Data Science Research for Social Good

In a few weeks, there will be a workshop at KDD on data science for social good, run by Rayid Ghani and folks. Rayid has also been heading the Data Science for Social Good fellowship program the past couple years.

I really love the whole mission behind the workshop and fellowship (and Stephen H. Bach, Lise Getoor, and I have submitted a short paper to the workshop on how probabilistic soft logic is particularly useful for problems that have social benefit). But I wanted to point out a distinction that I think will help bring in more of the best minds in machine learning research to applications with potential to do social good.

My view of the mission behind the existing effort to encourage social good applications of data science is that it is driven by the question, “What can state-of-the-art data science do to benefit society?”

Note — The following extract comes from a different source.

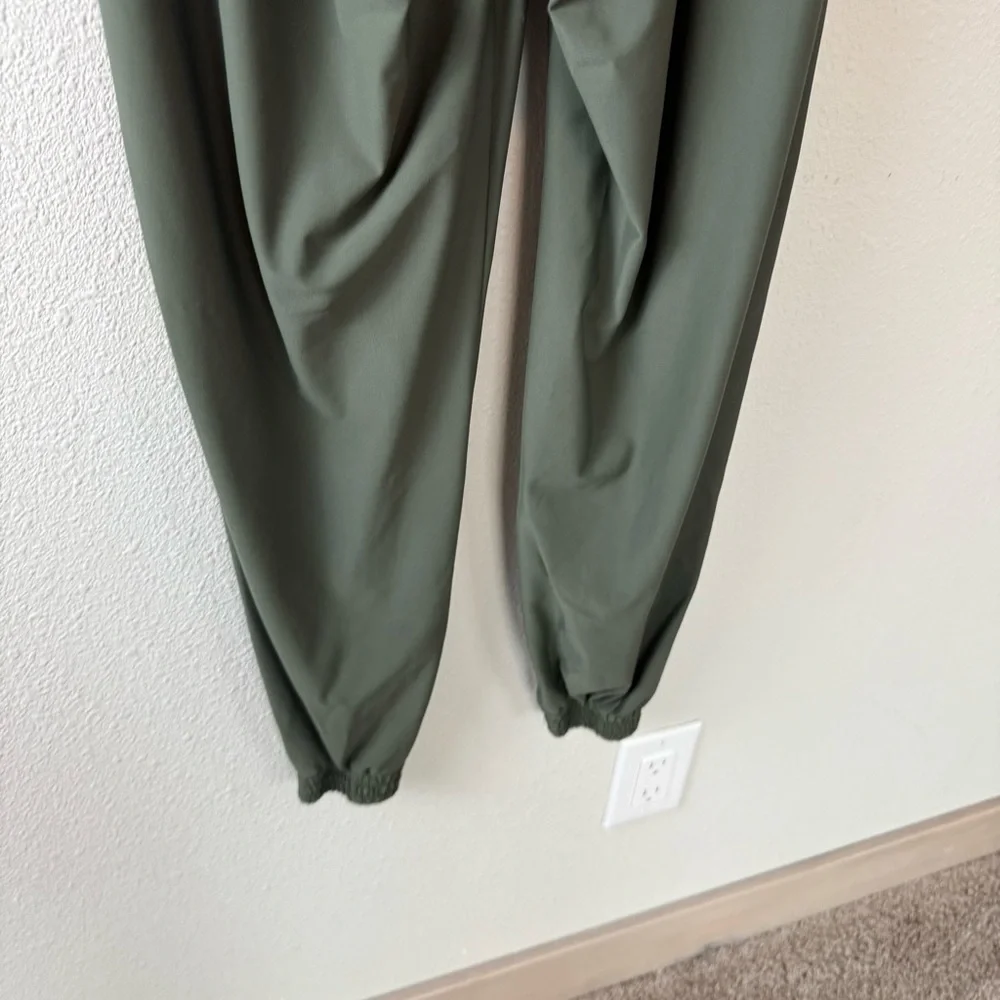 ADAY Pack It Up Pull On Technical Jogger Pant Green Casual Travel Women XS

This is an unarguably important question, and answers to this question should improve the lives of many immediately. The projects that are being tackled by the Data Science for Social Good Fellows should have measurable impact on the well-being of people now, in 2014. This type of immediate impact is crucially missing from most research, making it rather attractive to spend research effort on these problems.

On the other hand, what can easily be lost in the excitement over immediate tangible impact is the advancement of scientific knowledge, in algorithms or theory. When working on applied machine learning research, one typically explores what known, existing methods can be applied to novel problems.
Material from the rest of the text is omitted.